Modified 2018-11-15 by Stefanie Tellex

This unit focuses on the problem of motion planning for robotics. This is the problem of moving through space without colliding. It typically abstracts sensing and perception and assumes perfect ability to move in the space. The problem is to find a trajectory through the space for the robot (which may be a drone, a vehicle or an arm) that avoids collisions.

Formally, the input to motion planning is the model of the robot, a model of obstacles in the environment, and a start state, and a goal state. The output is a trajectory through space that causes the robot to move from start state to goal state without colliding with obstacles in its environment. A real-life example of motion planning is when a person parallel parks a car. This trajectory is not obvious, and takes time to learn, because of the car’s movement constraints.

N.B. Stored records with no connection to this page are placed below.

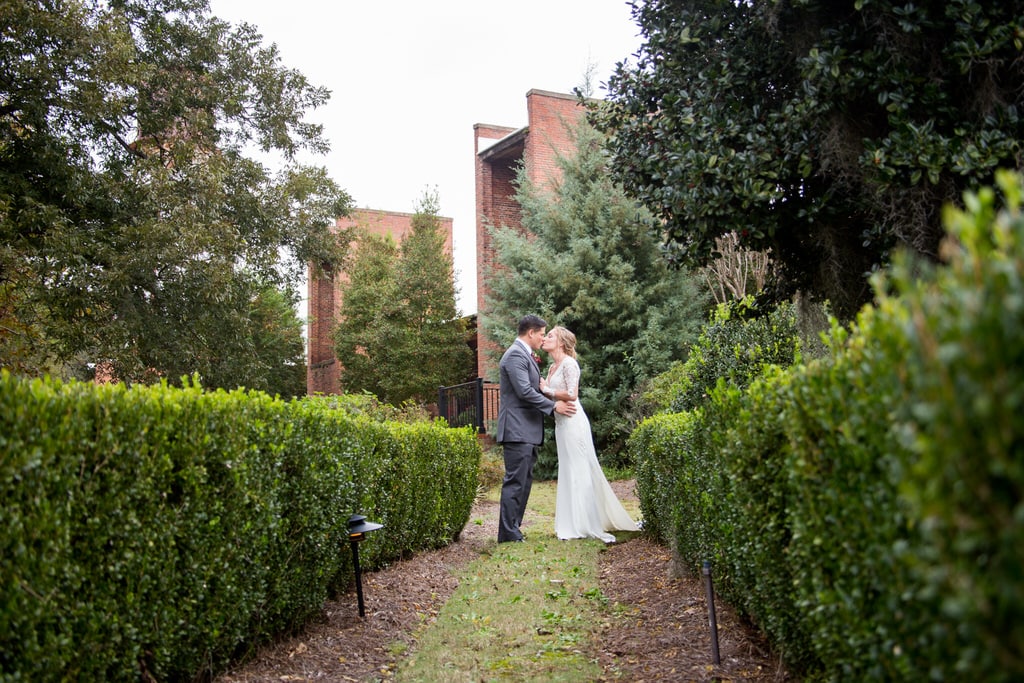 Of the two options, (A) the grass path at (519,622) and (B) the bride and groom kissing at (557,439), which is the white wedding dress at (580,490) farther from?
(A) the grass path at (519,622)

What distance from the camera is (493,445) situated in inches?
872

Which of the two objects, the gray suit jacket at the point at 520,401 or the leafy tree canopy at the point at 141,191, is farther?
the leafy tree canopy at the point at 141,191

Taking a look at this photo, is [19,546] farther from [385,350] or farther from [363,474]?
[385,350]

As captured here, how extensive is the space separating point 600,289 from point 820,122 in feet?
44.1

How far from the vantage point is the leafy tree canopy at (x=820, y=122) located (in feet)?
15.2

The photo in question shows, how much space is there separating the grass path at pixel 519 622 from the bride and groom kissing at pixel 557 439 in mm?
705

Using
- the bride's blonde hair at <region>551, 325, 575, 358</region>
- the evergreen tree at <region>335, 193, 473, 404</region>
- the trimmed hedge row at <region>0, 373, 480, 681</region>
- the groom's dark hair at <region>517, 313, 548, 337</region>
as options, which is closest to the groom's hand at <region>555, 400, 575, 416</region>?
the bride's blonde hair at <region>551, 325, 575, 358</region>

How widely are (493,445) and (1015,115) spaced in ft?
60.4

Avoiding obstacles is a key part of robotics. The Skydio drone’s advance over the state-of-the-art was its ability to accurately detect and avoid obstacles in its environment. In our work so far with the drone, we have modeled the robot as a point, and ignored obstacles. Indeed, the drone does not have sensors pointed in any direction but downwards and has no awareness of obstacles in its environment. However we will model this problem by creating virtual obstacles that the drone will avoid as it flies.

A second important domain for motion planning is robotic arms. A robotic arm is modeled as a number of joints and arm geometry. Each joint is parameterized as a joint angle (and in general, joint velocity). This parameter can be set to move the arm to a particular joint, and read using joint encoders. Given the joint states and arm geometry, we can compute the end effector pose. This problem is called forward kinematics and has a closed form solution. We would also like to solve the inverse problem: given an end effector pose we would like to find joint states that result in the end effector attaining that position. This problem is called inverse kinematics and does not have a closed form solution.